Almost on a daily basis, Turkish women perish at the hands of violent husbands. The murders have become a fixture in news bulletins, and security camera footage of husbands stabbing their wives in the streets can be found on the Internet.
Despite their frequency and ferocity, women’s murders are widely perceived as a domestic issue and treated as ordinary homicide. Both politicians and society tend to make no difference between those murders and the many others committed in the streets. But given the alarming number of cases and the killers’ peculiar motives, the murder of women appears to have become a distinct and systematic phenomenon.
According to figures by the We Will Stop Women Homicides Platform, a Turkish advocacy group, husbands were responsible for half of the women killed in 2014. In a recurring pattern, the victims had made or sought to make an independent decision about their lives, mainly divorce — meaning, they were killed for attempting to break free of social roles imposed on them.
Hence, the term “women’s murders” does not denote all murders in which the victim is a female, but rather those in which her gender is central to the murderer’s motive. That’s what makes them different from other kinds of homicide.
The advocacy group recorded 294 such murders in 2014, 237 in 2013 and 210 in 2012. The steady increase indicates that the women’s murders have become a systematic social phenomenon that calls for urgent measures by the state.
What if hundreds of workers were killed each year just because they wished to resign from their factories? Or if hundreds of people were slaughtered for attempting to convert to another religion? Would those murders have been treated as ordinary homicide? Then, what is the Turkish state doing today to stop women from being killed for particular reasons and at an ever-increasing rate?
The murder of Ayse Ince in April 2012 is a case in point.
The 34-year-old had been the victim of domestic violence ever since she married Mehmet Ince in 2002. In August 2011, he not only beat her but also stabbed her with a snap-off knife, prompting her to seek refuge with the police. In the ensuing trial, the court penalized the man with a fine, which it subsequently suspended. The beatings continued.
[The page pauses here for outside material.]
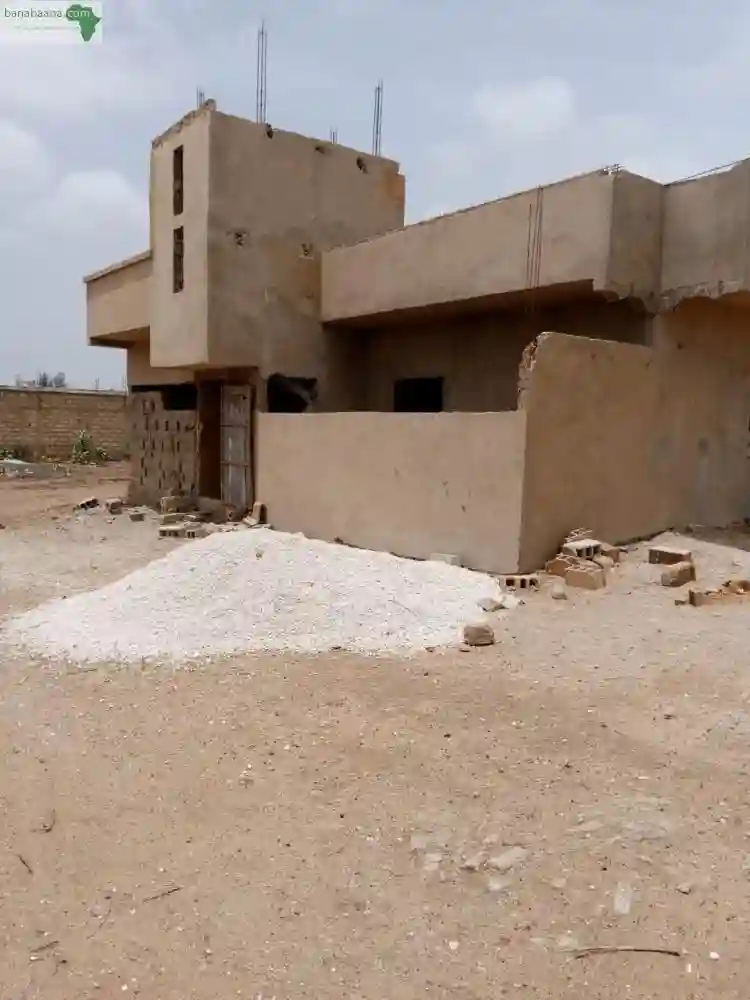 Maison de 200 Mètres Carrés à Vendre à Mb - Vue 2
Ayse lodged a complaint with the prosecutor’s office and asked for protection, but saw her request rejected. She then fled to her parents’ home and filed for divorce. In a matter of months, her husband managed to track her down and threatened to kill her. Ayse rushed to the police again. The police detained the man, only to release him later in the day, while advising Ayse to call the emergency line “if something happens.” A week later and in broad daylight, Ince stabbed his wife to death outside their daughter’s school in Istanbul. Ayse had no chance to call the police, as she collapsed after having been stabbed 17 times.
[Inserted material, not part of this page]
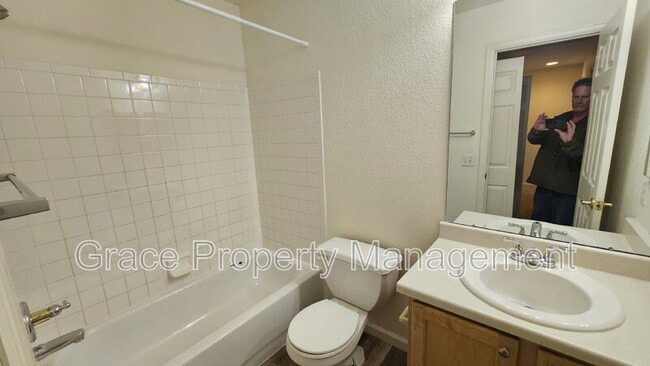 Building Photo - 11016 Claude Ct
In the eight months leading up to the murder, Ayse had repeatedly pleaded for help — twice with the police and the courts and once with the prosecutor’s office. She received none. And she might have met the same fate even if her calls for help had been answered. According to police reports submitted to parliament, the women killed last year included 23 victims for whom protection orders had been issued. Another 21 had been granted “protection on call” but perished before they could call the police.
Following Ayse’s murder, her family mounted a legal struggle against the state for having rejected their daughter’s protection request and left her husband at large despite the death threats he made. The family sued the Ministry of Justice and the Interior Ministry.
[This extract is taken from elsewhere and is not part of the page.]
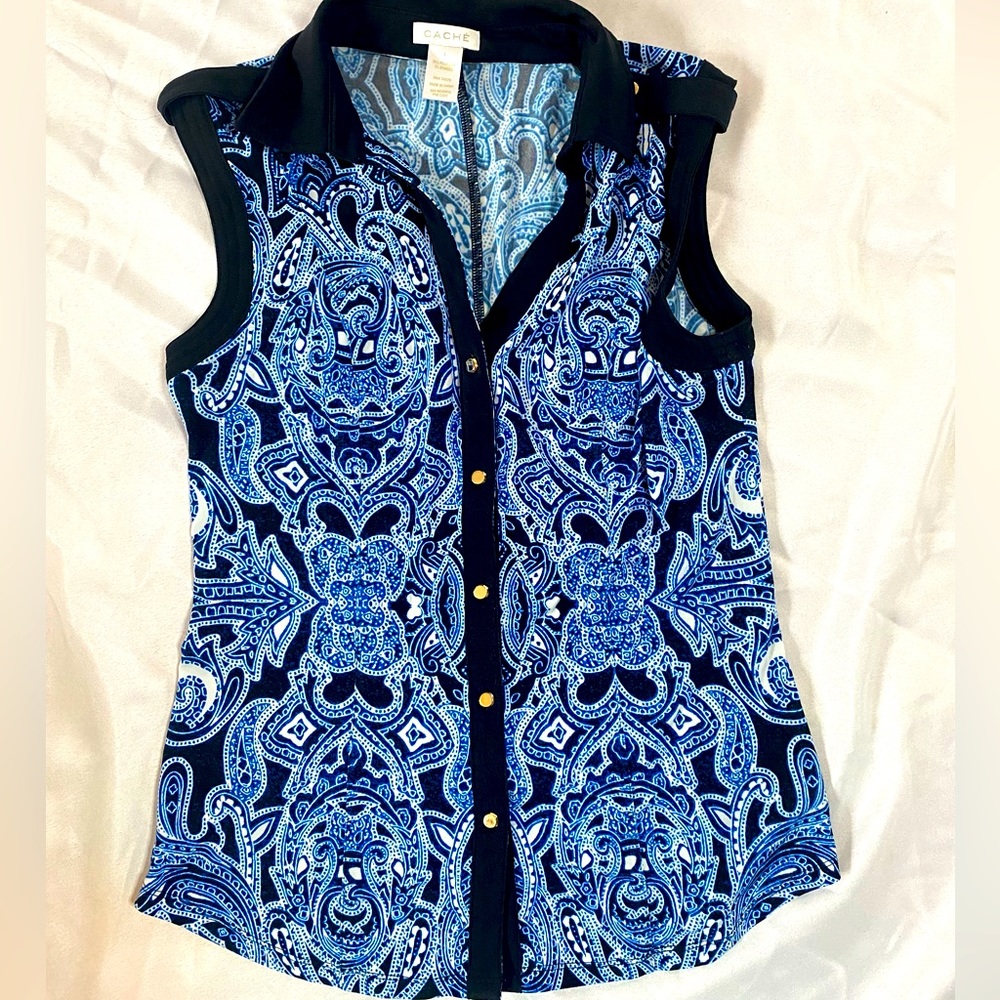 Sleeveless, buttoned, collared top made by Cache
In a landmark ruling in late May, an Istanbul administrative court held the Interior Ministry responsible for the murder, ordering it to pay 360,000 Turkish lira ($132,500) in compensation to the family. “Protecting its citizens’ life and property is a fundamental duty of the state,” the ruling said. “Though these types of murders have become well known and widespread in the country, the necessary attention was obviously not paid and protection measures were not enforced.”
The court’s judgment is a big, if not revolutionary, step against the tendency to treat women’s murders as ordinary homicide. A spate of similar compensation rulings could force relevant ministries to finally take the problem seriously and introduce tighter measures.
Similarly, the government is likely to feel pressure to fulfill its duties under the relevant international treaties and domestic laws that Turkey has already adopted, including the UN Convention on the Elimination of All Forms of Discrimination against Women, the Council of Europe Convention on Preventing and Combating Violence against Women and Domestic Violence and the country’s own Family Protection Law, which contains provisions both for the direct protection of women and restraining measures against men. A proper implementation of the existing laws alone could make a big difference in curbing the murders.
Stamping out the murders requires a comprehensive drive to promote gender equality and remove the barriers that prevent women from sustaining themselves as independent individuals, both socially and economically. Turkey should stop being a country where the killing of women is ordinary news. Turkish women should be able to make their decisions freely and assert their place in social and economic life, having an equal say with men. They seem ready for that. It’s about time the establishment fell in step.